Joint 120th Annual Cordilleran/74th Annual Rocky Mountain Section Meeting - 2024

Paper No. 26-24
Presentation Time: 9:00 AM-5:30 PM

QUANTIFYING THE VOLUME OF INHERITED ANTECRYSTIC ZIRCON ACROSS THE CATHEDRAL PEAK GRANODIORITE OF THE TUOLUMNE INTRUSIVE SUITE, SIERRA NEVADA BATHOLITH, CALIFORNIA, USA


SANTOS, Pedro, California Polytechnic State University, San Luis Obispo, San Luis Obispo, CA 93407, PANIAN, Stephan, California Polytechnic State University, San Luis Obispo, San Luis Obispo, CA 93401, JOHNSTON, Scott, California Polytechnic State University, San Luis Obispo, CA 93407 and KYLANDER-CLARK, Andrew R.C., Earth Science, University of California, Santa Barbara, CA 93106

The evolution and emplacement of granitic rocks in convergent margin magmatic arcs have broad implications for the formation of continental crust.
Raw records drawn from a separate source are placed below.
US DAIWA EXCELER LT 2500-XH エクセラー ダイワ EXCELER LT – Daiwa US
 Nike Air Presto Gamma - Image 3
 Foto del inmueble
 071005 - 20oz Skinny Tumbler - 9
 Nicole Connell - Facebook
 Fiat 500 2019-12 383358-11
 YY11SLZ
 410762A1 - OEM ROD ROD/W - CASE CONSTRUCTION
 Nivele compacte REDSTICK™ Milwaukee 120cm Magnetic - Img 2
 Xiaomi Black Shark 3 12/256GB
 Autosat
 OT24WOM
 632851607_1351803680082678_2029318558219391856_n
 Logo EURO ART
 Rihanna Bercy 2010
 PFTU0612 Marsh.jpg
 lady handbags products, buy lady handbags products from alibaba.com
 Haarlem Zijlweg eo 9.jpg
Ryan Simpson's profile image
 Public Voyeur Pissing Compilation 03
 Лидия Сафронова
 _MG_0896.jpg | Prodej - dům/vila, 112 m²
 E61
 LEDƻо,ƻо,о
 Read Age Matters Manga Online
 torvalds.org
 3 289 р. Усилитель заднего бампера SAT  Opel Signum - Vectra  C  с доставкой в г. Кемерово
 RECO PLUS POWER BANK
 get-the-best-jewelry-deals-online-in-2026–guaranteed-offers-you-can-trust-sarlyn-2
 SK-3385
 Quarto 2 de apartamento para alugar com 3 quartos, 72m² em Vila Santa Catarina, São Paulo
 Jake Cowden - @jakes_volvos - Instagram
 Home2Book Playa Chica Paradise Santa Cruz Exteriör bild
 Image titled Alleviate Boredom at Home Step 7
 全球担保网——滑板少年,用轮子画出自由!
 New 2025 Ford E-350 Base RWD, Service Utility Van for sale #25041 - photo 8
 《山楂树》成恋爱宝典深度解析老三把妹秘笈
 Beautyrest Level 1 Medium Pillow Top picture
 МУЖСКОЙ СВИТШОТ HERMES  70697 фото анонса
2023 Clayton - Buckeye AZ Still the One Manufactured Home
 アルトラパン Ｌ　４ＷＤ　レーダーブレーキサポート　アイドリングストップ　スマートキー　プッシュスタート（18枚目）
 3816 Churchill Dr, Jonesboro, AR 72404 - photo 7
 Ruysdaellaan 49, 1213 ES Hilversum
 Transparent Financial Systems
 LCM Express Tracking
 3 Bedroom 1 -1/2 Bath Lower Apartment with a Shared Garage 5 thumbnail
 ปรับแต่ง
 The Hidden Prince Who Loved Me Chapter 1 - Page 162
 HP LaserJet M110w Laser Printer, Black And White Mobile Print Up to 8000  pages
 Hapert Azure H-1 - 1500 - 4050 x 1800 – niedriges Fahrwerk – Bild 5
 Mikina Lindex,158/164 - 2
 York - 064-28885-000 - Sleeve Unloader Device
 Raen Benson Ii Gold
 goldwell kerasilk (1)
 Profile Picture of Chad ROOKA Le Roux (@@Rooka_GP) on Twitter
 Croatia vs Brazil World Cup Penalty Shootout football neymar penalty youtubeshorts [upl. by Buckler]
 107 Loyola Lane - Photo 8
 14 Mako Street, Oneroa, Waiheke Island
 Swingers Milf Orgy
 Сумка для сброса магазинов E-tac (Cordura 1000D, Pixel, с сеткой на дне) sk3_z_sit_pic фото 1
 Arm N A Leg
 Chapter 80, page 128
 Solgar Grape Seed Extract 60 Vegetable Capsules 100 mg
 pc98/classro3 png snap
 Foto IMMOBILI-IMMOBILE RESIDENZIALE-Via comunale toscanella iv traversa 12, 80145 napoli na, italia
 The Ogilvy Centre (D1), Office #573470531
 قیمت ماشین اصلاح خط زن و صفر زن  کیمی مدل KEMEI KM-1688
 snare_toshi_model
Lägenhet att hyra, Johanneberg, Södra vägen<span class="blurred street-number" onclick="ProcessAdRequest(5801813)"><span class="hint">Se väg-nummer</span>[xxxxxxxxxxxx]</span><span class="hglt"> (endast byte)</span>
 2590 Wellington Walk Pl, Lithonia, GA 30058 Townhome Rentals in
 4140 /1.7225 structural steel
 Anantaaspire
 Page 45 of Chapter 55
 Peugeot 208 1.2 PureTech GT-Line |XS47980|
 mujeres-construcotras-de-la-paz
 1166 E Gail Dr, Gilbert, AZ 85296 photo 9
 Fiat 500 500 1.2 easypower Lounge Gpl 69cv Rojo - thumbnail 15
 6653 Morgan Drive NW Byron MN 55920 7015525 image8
The Late Cretaceous Tuolumne Intrusive Suite (TIS) is an archetypical arc pluton that formed over the period of 10 million years in the Sierra Nevada batholith, and consists of geochemically and temporally zoned units that are younger and increasingly felsic toward the interior of the body. Two competing models used to explain its formation alternately call for 3–4 large intrusions that created kilometer-scale upper crustal magma chambers capable of crustal mixing and differentiation, or alternatively, for the sequential emplacement of numerous sub-kilometer scale intrusions that were not capable of mixing in the upper crust with magma that was previously differentiated in the lower crust.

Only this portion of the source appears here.